December 9th, 2009
Power Qs met last First Day and discussed what gifts or strengths would help the peacemaking or peacebuilding process. We felt these qualities would foster the peacemaking process: remaining calm, [or having a sense of peacefulness], courage, courtesy, diplomacy, effort [being willing to work hard, having a good work ethic], listening, neutrality [being unbiased], not being above the crowd [not "special"], organization, patience, problem-solving, self-control, waiting to consider both sides, finding a way to take a break or an acceptable way to vent.
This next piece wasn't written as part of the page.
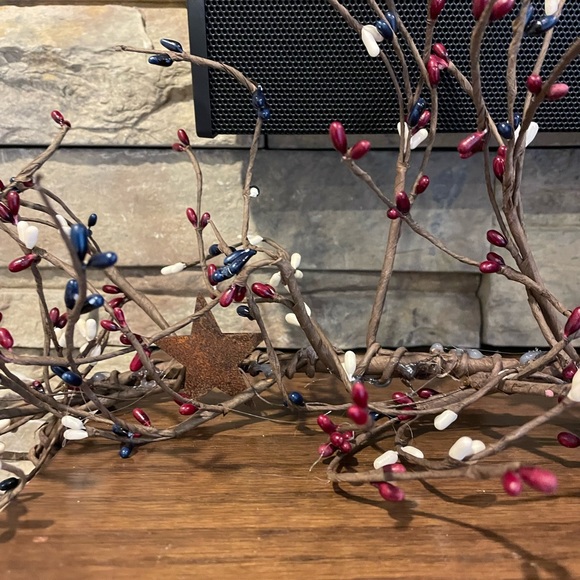 Pip Berry garland, table runner and mat - Picture 10 of 11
If you have qualities to add to this list, please send it along to one of the Power Qs to bring to the discussion next time.
December 6th, 2009
We discussed great movements of the previous century, such as the Civil Rights Movement, the Peace Movement, and the Environmental Movement. We talked about what sorts of “actions” or “campaigns” make up a movement, such as letter-writing campaigns, sit-ins, and such like. We talked about how many of these campaign ideas originated with Gandhi, such as the boycott and the protest march. (In fact Martin Luther King, Jr. once said that his inspiration for the civil rights movement came from Christ but his methods came from Gandhi.) Lastly we talked about how important it is that activists practice non-violent resistance or satyagraha in all of their campaign methods. Satyagrahi (activists practicing Satyagraha) show they are willing to suffer for their cause but are not willing to harm. So for example if one wanted to protest fracking, it would not be okay to damage a mining company’s bulldozer in the middle of the night, but it would be okay to publicly chain oneself to the bulldozer.
We then put these ideas into practice by conducting a very small demonstration on the topic of bicycling, one of Larry’s favorite causes. We painted signs as shown, then marched to College Town occasionally chanting “What do we want?”, “Biking!”, “When do we want it?”, “Now!” We engaged a couple of students on the way, one of whom admitted “I don’t have a bike, but I don’t have a car either!” We finally reached College Town Bagels, our destination, and enjoyed hot beverages together before heading back.
December 2nd, 2009
Last time we met, we considered what differences, if any, were called to mind by the words “peace maker” and “peace builder.” We started from the premise that peace is not the absence of conflict, but rather how we respond to it. Our discussion brought these ideas forward. It seemed to us that a peace maker makes peace at the moment, trying to break up fights or arguments, trying to make someone feel better, or trying to solve a problem. There are risks in this role of peacemaking: you might be pulled into a situation in ways you had not intended; you might get hurt or “caught in the crossfire;” you might not know what to do or say; and you might not feel empowered to do anything constructive at all.
We felt a peace builder would work over a long period of time, trying to keep problems from coming up or to lessen the impact of a problem.
We felt that everyone brings differing skills to peace making/peace building, and that anyone would need a good set of peace-making or peace-building tools. We also felt it was important to acquire new skills, or to hone the skills you have, so that you are better able to act when you need to.
On a totally different topic, we discussed how we might contribute to this year’s Christmas Pageant. We are waiting to hear more about possibilities.